A few painful days later, when I went to bed, I felt nothing but a terrible emptiness inside of me, robbing me of all my chances of sleeping. It had been like that ever since Lenne departed. Oh, it was so painful! There was no woman by my side to make love to me. Since Lenne left me for the frontlines, I could no longer feel the warmth of Lenne's naked body against mine in the night, when we lay in bed. I lay there alone now, staring up at the ceiling without managing to fall asleep. Image after image of my life with Lenne flashing before my eyes. "My dear, dear Lenne, please come back alive." I whispered. I lay there for endless hours. The loss of Lenne's body tortured me emotionally beyond imagination. I missed her. I wanted her so much. Even after just a few days without Lenne, I felt this way. Perhaps it had something to do with that she'd just gone to war to fight against Bevelle's feared Machina. I thought back on the night we'd had together in bed.

I remembered her face, so blissful and completely relaxed when I had rubbed her core.

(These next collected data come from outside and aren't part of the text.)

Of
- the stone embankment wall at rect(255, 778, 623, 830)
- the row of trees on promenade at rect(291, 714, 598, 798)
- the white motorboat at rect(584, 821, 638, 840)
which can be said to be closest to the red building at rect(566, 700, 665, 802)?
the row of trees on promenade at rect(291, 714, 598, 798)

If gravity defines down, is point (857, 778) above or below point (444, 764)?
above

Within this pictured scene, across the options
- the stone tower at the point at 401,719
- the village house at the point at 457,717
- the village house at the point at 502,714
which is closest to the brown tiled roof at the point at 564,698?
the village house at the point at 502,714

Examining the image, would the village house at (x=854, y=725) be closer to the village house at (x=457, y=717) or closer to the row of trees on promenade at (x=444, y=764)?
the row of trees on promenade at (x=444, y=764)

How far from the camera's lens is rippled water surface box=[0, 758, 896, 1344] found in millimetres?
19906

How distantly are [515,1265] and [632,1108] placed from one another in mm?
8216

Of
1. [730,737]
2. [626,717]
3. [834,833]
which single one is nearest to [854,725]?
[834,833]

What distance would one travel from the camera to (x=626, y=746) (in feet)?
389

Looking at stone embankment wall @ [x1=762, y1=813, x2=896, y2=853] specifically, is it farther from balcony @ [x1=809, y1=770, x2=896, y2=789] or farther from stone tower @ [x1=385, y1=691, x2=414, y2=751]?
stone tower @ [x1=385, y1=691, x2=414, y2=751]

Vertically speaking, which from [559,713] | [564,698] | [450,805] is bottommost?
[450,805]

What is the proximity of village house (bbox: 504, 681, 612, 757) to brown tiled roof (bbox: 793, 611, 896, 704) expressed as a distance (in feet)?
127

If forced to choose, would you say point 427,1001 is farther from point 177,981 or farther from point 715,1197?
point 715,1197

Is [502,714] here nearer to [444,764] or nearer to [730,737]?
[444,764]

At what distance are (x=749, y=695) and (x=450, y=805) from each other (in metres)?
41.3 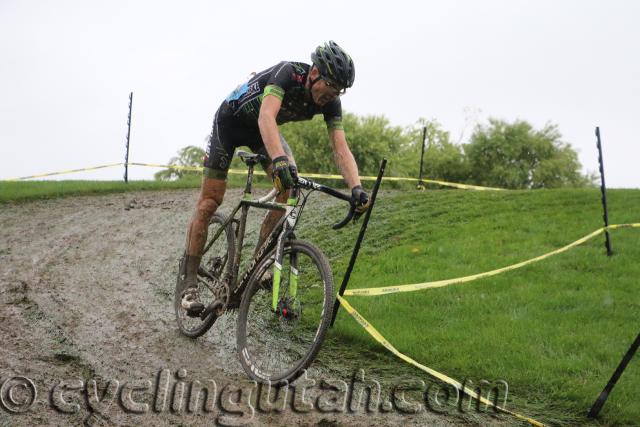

I remembered how she'd told me: "Please, don't hesitate. I'll always be yours." And I remembered how I'd feared losing her, even while we lay in bed together. Now, I had no one to lie in bed with. My Lenne had left me, leaving a gigantic hole in my heart when she left. The moment Lenne went out of the door, I felt as if a part of myself got ripped to pieces. Lenne was my world. Without her, I had nothing. And now, she'd left me. I turned my head and looked at the side where Lenne slept. It was so indescribably painful not to see her sleep there, so peacefully, with her arms locked tightly around me. I put my arms around myself. I missed Lenne's arms around me in the night so much. It was all that I could think about. "This is the worst night I've ever experienced." I thought miserably, just staring up at the ceiling.